2010 AMC 10B Problems/Problem 9

Revision as of 13:03, 7 June 2011 by HarryPotterFTW (talk | contribs) (Solution 2)

Solution 1

Simplify the expression $a-(b-(c-(d+e)))$. I recommend to start with the innermost parenthesis and work your way out.

So you get: $a-(b-(c-(d+e))) = a-(b-(c-d-e)) = a-(b-c+d+e)) = a-b+c-d-e$

Henry substituted $a, b, c, d$ with $1, 2, 3, 4$ respectively.

We have to find the value of $e$, such that $a-b+c-d-e = a-b-c-d+e$ (the same expression without parenthesis).

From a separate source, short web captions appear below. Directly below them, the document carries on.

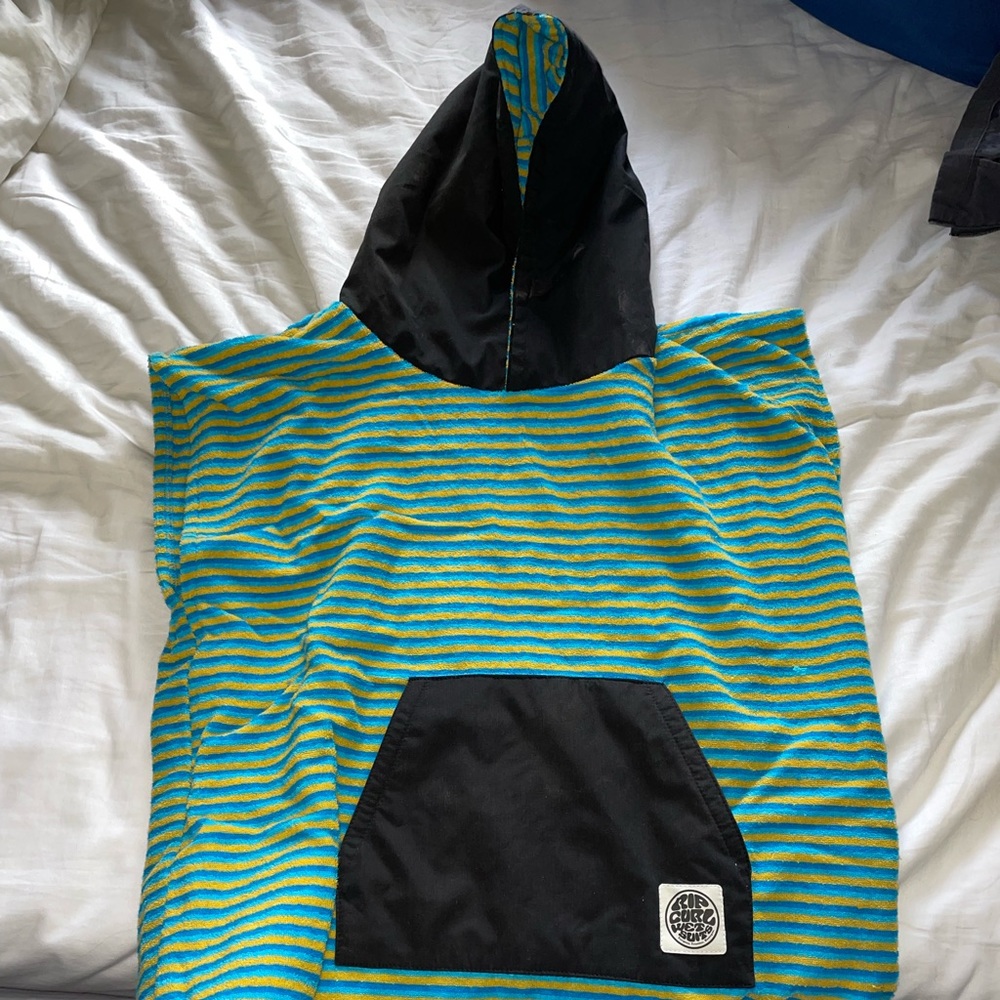 Kids changing poncho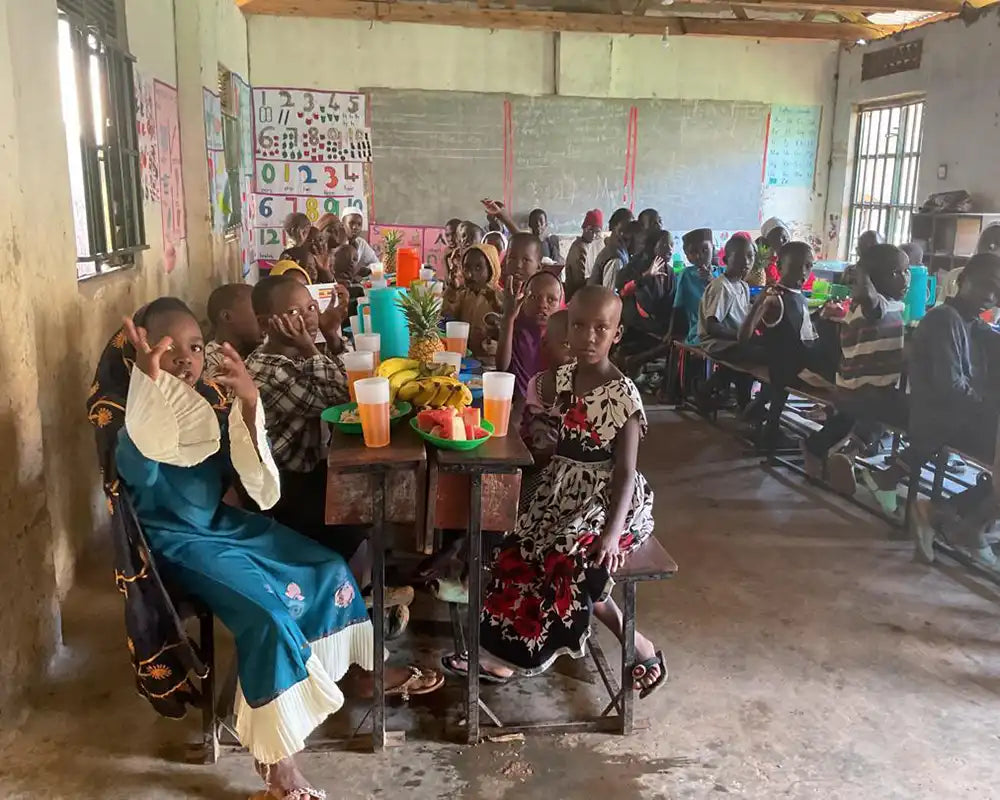 Kinder in Afrika in einer Schule am Essen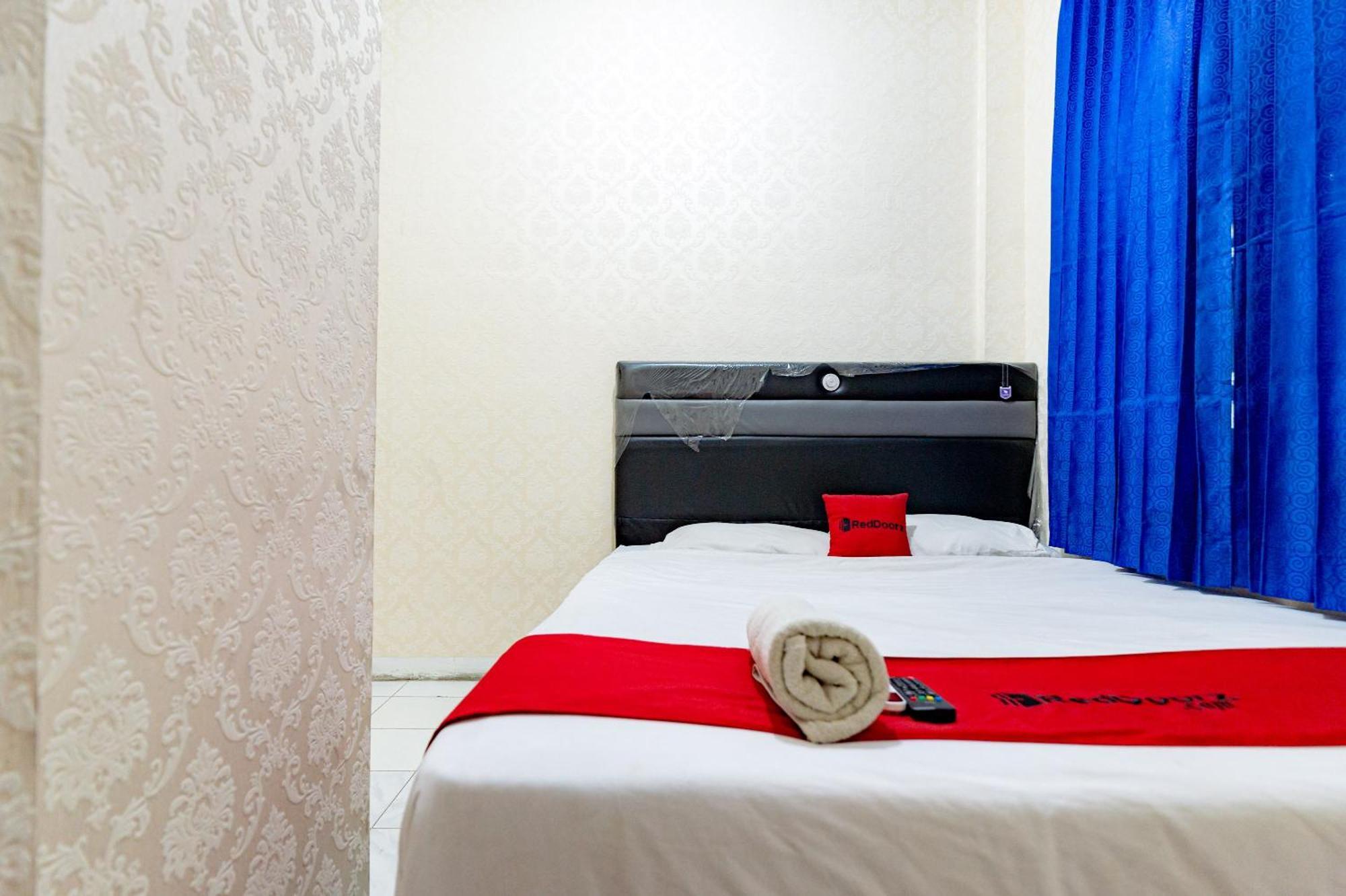 Reddoorz Near Rsud Dr Pringadi Medan 3 Hotel Bagian luar foto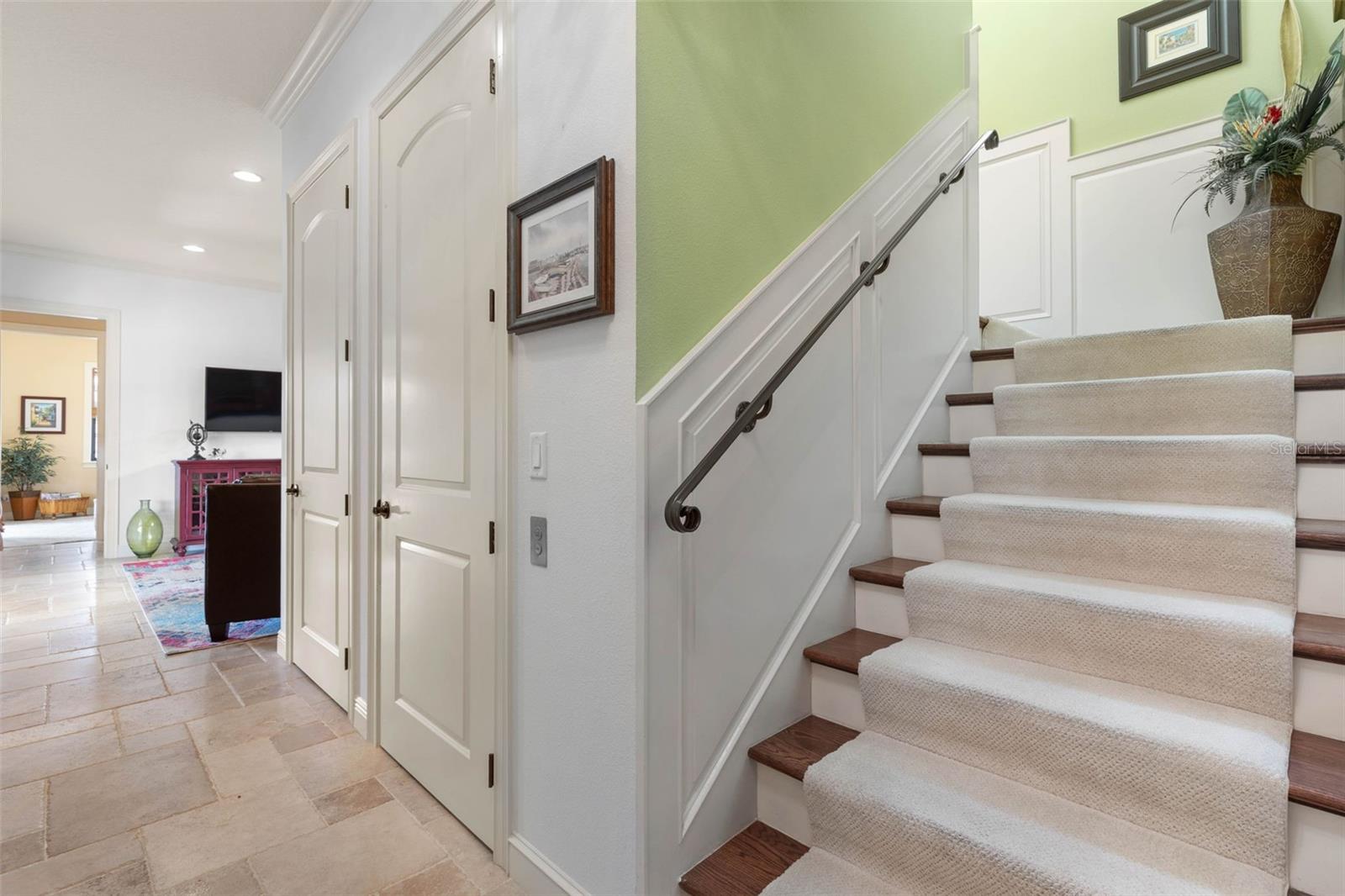 Image 52 of 96 For 355 Harbor Village Point N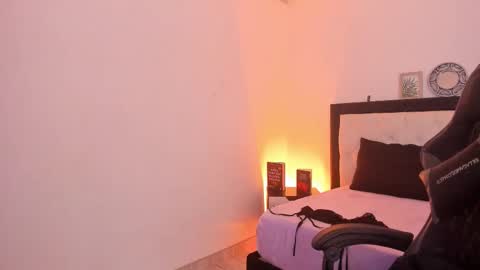 sara_roades online show from December 14, 2:11 pm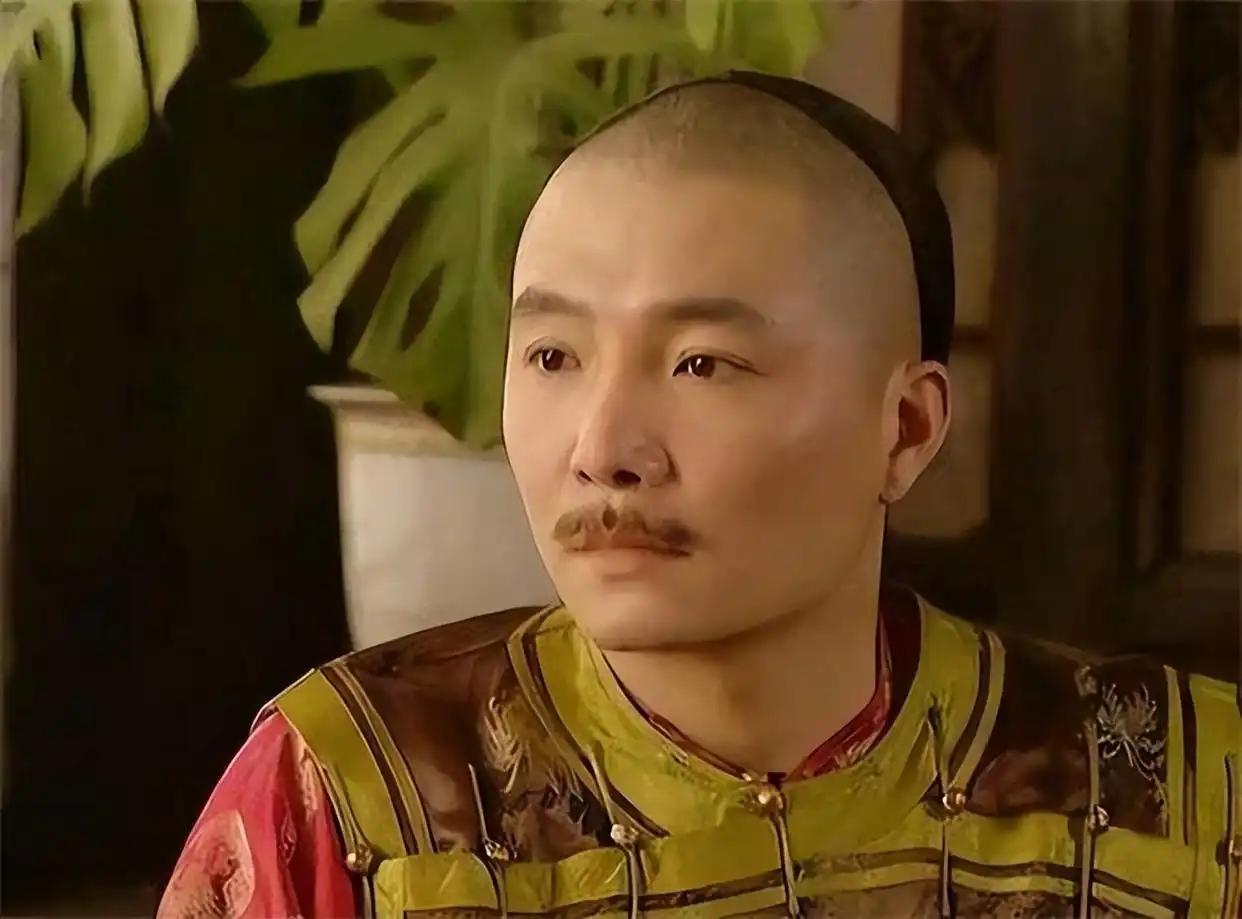 乾隆继位后，下令释放自己十叔和十四叔。老十四胤禵走出囚所，恍如隔世。

康熙皇帝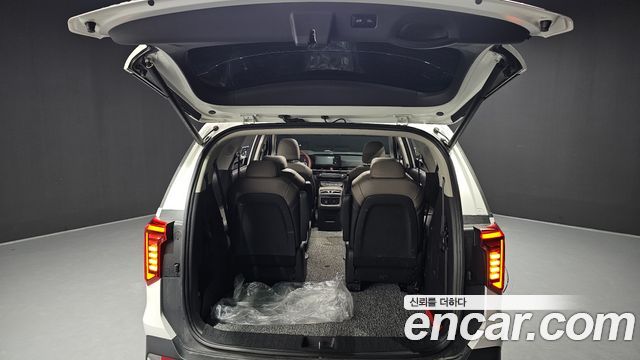 Kia Carnival (IV) HEV 9seater Signature 2024 — фото 20
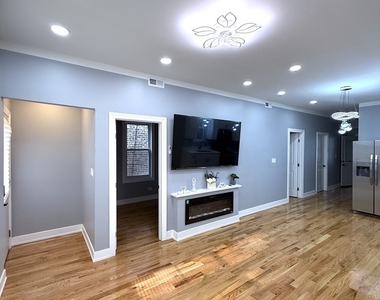2233 S Spaulding Avenue - Photo Thumbnail 1
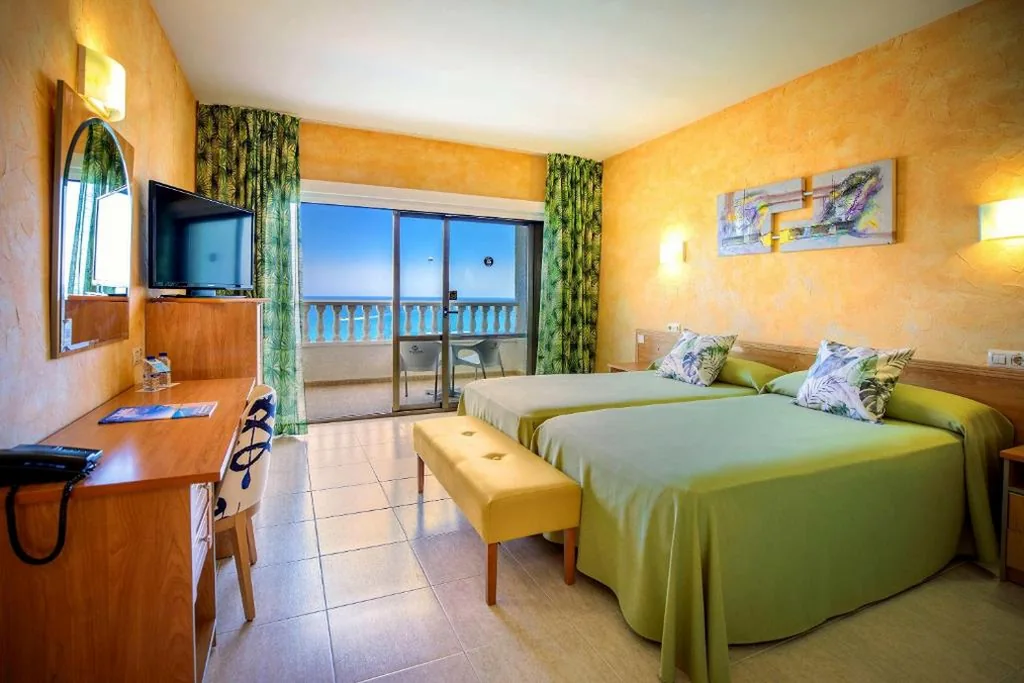Doppelzimmer mit Meerblick (2 Erwachsene + 2 Kinder) — Hotel Servigroup La Zenia 4 Sup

Substituting and simplifying we get: $-2-e = -8+e \Leftrightarrow -2e = -6 \Leftrightarrow e=3$

So Henry must have used the value $3$ for $e$.

Our answer is:

$\boxed{\mathrm{(D)}= 3}$

Solution 2

Lucky Larry had not been aware of the parenthesis and would have done the following operations: $1-2-3-4+e=e-8$

The correct way he should have done the operations is: $1-(2-(3-(4+e))$

$1-(2-(3-4-e)$

$1-(2-(-1-e)$

$1-(3+e)$

$1-3-e$

$-e-2$

Therefore we have the equation $e-8=-e-2\implies 2e=6\implies e=\boxed{\textbf{D)3}}$